Numeric and string enums. Property access is substituted at compile time:

enum Spell {
    Shield = "WIZARD_SHIELD",
    Armor = "WIZARD_ARMOR",
}

if (See(Player1)) {
    Spell(Myself, Spell.Shield);
}
// -> IF See(Player1) THEN Spell(Myself, WIZARD_SHIELD) END

Enums from iets .d.ts files have their prefix stripped: ClassID.ANKHEG becomes ANKHEG.

@tra Tag

Set the translation file for WeiDU:

/** @tra smarter_mages.tra */

Must be in a JSDoc comment (/** ... */).

Imports

Engine builtins (triggers, actions, objects, constants) come from IETS:

import { See, Attack, Global, SetGlobal } from "@bgforge/iets/baf.d";
import { Player1, Myself } from "@bgforge/iets/objects.d";
import { ClassID } from "@bgforge/iets/class.ids";

Local .ts and .tbaf files can also be imported:

import { myHelper } from "./helpers";
import { sharedArray } from "./data.tbaf";

Scope Constants

GLOBAL, LOCALS, and MYAREA are auto-quoted in the output:

SetGlobal("hostile", LOCALS, 1);
// -> SetGlobal("hostile", "LOCALS", 1)

Don't wrap them in quotes yourself -- they are quoted automatically.

Forbidden Syntax

Syntax Reason
default in switch BAF cannot express "none of the above"
Negating complex OR groups Too complex to represent in BAF conditions
Arrow functions () => {} Not supported
Classes, async/await No runtime constructs in BAF
try/catch/finally No error handling in BAF
Template literals `${x}` Not supported
Object literals Not meaningful in BAF context

Gotchas and Pitfalls

  1. All evaluation is compile-time. Variables do not exist at runtime. const x = 5; if (x > 3) is evaluated by the transpiler, not the engine. The if either always produces a block or never does.

  2. Loop iteration limit. The maximum is 1000 iterations. BAF scripts should not need many iterations -- if you hit this limit, the script likely has a design issue.

  3. Scope constants are auto-quoted. GLOBAL, LOCALS, MYAREA become "GLOBAL", "LOCALS", "MYAREA" in the output. Don't quote them yourself.

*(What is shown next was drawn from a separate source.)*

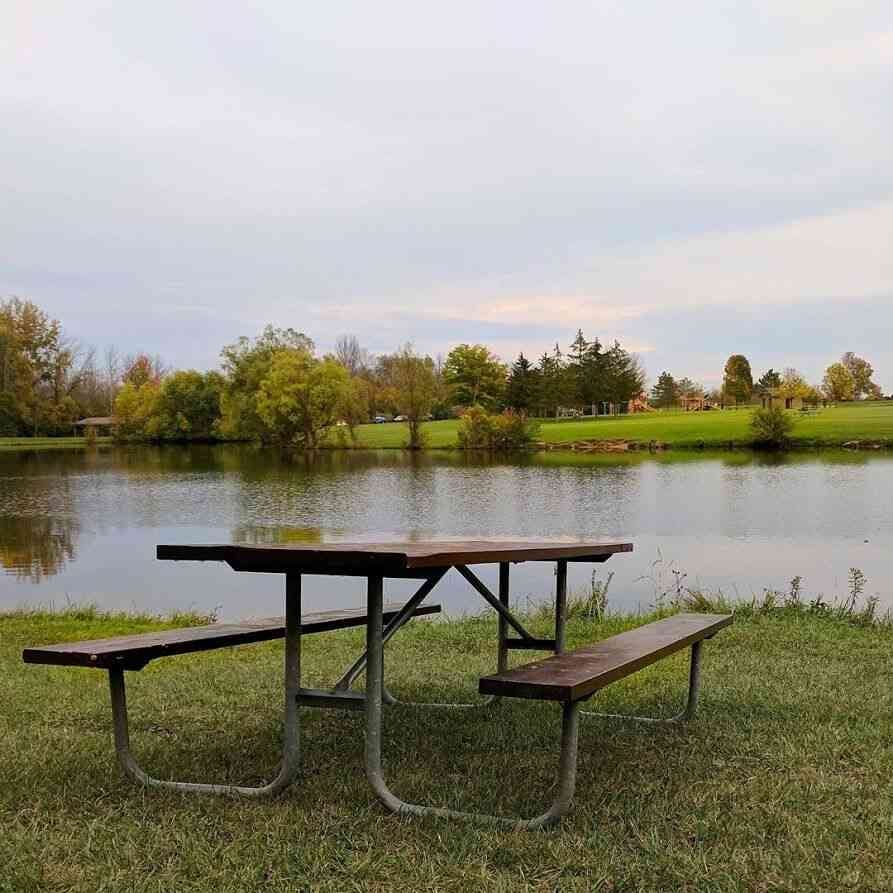 perfect picnic spot black creek park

  4. Function inlining constraints. A function used inside an OR group must return exactly one condition. A function returning A && B (two conditions) cannot be an OR element. A function returning an OR group cannot be nested inside another OR group.

  5. Switch expression must be a function call. switch (Global("x", "LOCALS")) works. switch (someVariable) does not -- BAF conditions are function calls, not comparisons.

  6. Variables in loops are cleaned up. After a for or for...of loop completes, the loop variable is deleted from the compile-time context. This prevents stale values from leaking into later code.

  7. RESPONSE #100. All emitted blocks use RESPONSE #100 (100% probability). Weighted responses are not supported. Use conditions to select between alternatives.

Compilation

.tbaf -> transpiler -> .baf -> WeiDU -> game

Press Ctrl+R in VSCode or use the transpile CLI to compile.